The marrying of new consumer demographics with increased technological capabilities has the ability to create one of the most fruitful manufacturing climates in U.S. history. However, there are many things that need to be addressed. The pillars of future machining should support fault-tolerant, just-in-time production that promotes quicker introduction to market and faster product/market fit testing cycles.

At the core of the American machine shop are some of the most advanced machines on earth working in tandem with more than 470,000 capable machinists. Likewise, we are spending more and more on machines and becoming more automated. The machines do what they are told and the engineers and machinists do well to put the program together correctly. In order to truly succeed in the next decade, machine shops should also invest in dialogue and communication to establish next generation business practices.

Quality should be at the forefront of this conversation. To feed just-in-time needs, machine shops need to operate as close to fault tolerant as possible. It seems odd that there is no universally supported standard for business fault tolerance in the machine world. Likewise, no matter what the input or management processes, it seems that the final product is all that matters.

My favorite response to questions about how front-office opportunity estimation is done is that there are “so many variables involved.” To the outside buying world, machine shops paint a magical, opaque picture. Yet, there are so many variables in banking as well, and we have all bought in to credit scores. The financial services sector has, by teaching us how to monitor and improve our credit scores, made us all into DIY financial managers. That three digit number makes us spend or save, and communicates to the world whether we’re worth lending to. Why can’t we have a more accurate scoring and tracking system of shop performance?

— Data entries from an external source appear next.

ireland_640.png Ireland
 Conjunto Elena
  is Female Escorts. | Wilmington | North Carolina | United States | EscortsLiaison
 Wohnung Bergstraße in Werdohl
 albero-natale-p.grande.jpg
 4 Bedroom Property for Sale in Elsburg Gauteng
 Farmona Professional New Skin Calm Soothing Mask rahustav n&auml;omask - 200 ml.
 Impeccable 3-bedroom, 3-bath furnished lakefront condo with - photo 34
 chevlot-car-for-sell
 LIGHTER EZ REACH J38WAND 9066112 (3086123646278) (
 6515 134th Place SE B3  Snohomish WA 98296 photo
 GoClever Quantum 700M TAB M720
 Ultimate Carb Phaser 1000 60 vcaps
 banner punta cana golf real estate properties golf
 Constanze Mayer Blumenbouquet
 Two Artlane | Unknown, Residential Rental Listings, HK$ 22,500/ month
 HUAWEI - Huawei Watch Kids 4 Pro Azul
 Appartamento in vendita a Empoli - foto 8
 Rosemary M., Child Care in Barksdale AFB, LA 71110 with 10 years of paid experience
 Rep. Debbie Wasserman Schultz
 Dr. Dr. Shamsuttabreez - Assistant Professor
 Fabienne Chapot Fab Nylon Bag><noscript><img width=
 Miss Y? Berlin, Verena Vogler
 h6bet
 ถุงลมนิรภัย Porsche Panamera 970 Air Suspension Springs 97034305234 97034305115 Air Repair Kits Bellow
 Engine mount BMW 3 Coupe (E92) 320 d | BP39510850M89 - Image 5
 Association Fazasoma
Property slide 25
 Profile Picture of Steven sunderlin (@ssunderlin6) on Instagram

Closely aligned with quality is trust and verification. This is important. More and more transactions will be conducted without meeting. It will be crucial to establish a method to convey trustworthiness and competency (with quality score). This means digging in and really laying out machine shops’ value add. In the future, machine shops will have more diverse, aggregated work. So to start, a machine shop should be able to convey flexibility, maintenance acumen and programming excellence.

The future is bright for machining. There is a world of stuff to produce. Machine shops need to focus just as much on core business logic as part of their value add. Ultimately, it is the machinist’s ability and management’s opportunity to maximize the rapidly increasing flexibility and speed of contemporary machines. MakeTime’s role in the future is as a facilitator. By providing a network of prequalified suppliers and supporting digital transactions, we address the need for a uniform quality standard, flexibility, and faster production cycles.